What is needed: Copy the lines below exactly. No picture goes into the copy.

___ The records ___

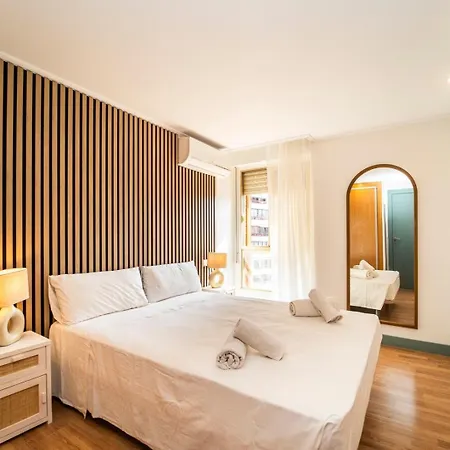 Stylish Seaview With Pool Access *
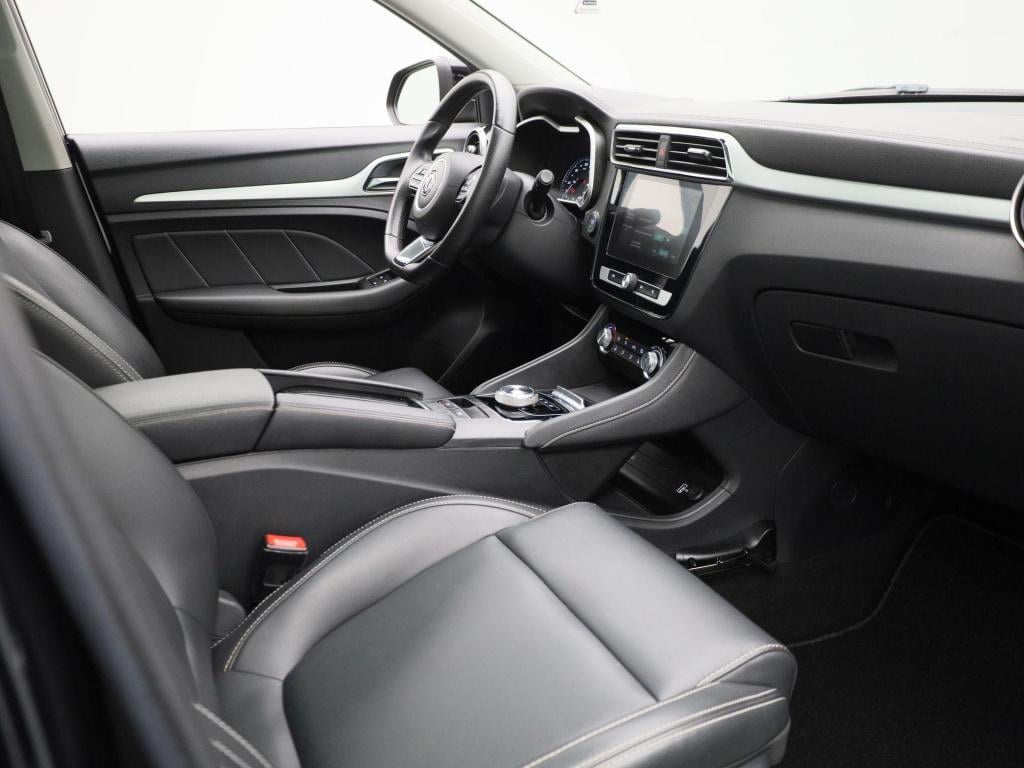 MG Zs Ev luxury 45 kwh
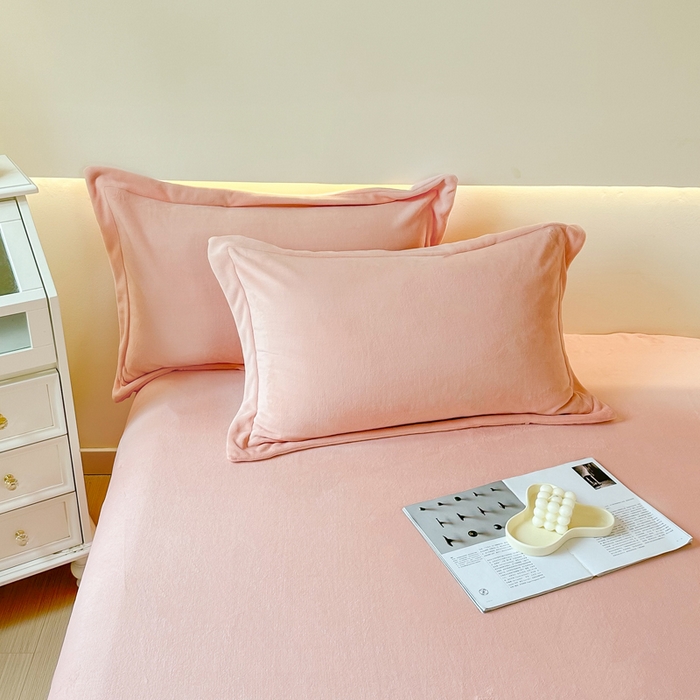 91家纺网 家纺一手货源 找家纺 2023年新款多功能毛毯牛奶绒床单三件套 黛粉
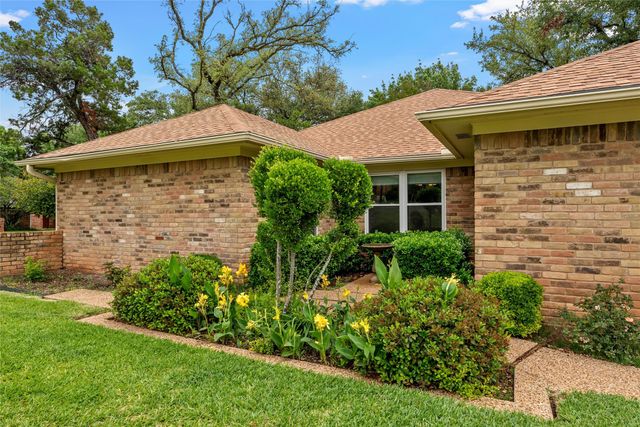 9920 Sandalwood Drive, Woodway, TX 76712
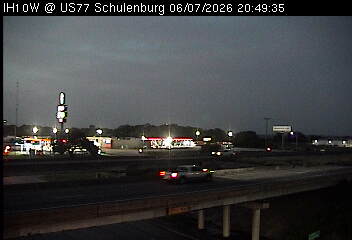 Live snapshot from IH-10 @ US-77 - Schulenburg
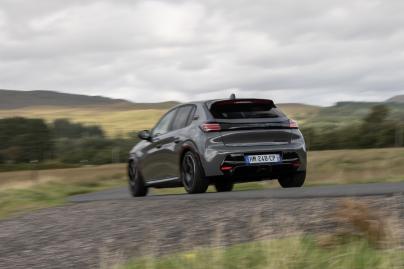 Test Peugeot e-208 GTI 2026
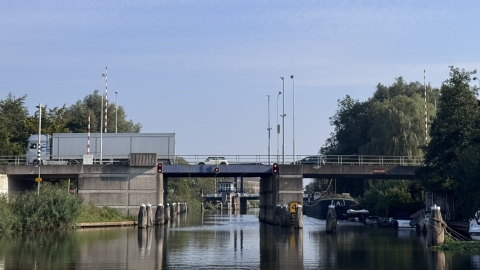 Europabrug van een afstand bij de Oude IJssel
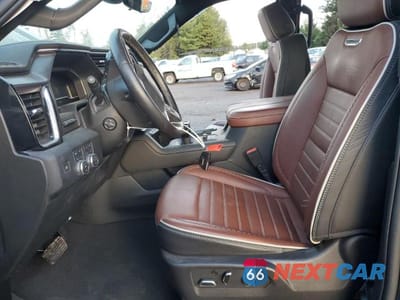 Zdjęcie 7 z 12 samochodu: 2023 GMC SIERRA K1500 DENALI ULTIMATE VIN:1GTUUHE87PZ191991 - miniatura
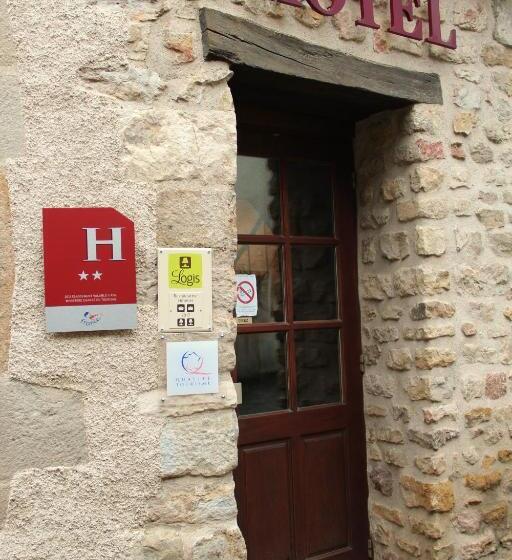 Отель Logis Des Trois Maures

___

Result below:
 Stylish Seaview With Pool Access *
 MG Zs Ev luxury 45 kwh
 91家纺网 家纺一手货源 找家纺 2023年新款多功能毛毯牛奶绒床单三件套 黛粉
 9920 Sandalwood Drive, Woodway, TX 76712
 Live snapshot from IH-10 @ US-77 - Schulenburg
 Test Peugeot e-208 GTI 2026
 Europabrug van een afstand bij de Oude IJssel
 Zdjęcie 7 z 12 samochodu: 2023 GMC SIERRA K1500 DENALI ULTIMATE VIN:1GTUUHE87PZ191991 - miniatura
 Отель Logis Des Trois Maures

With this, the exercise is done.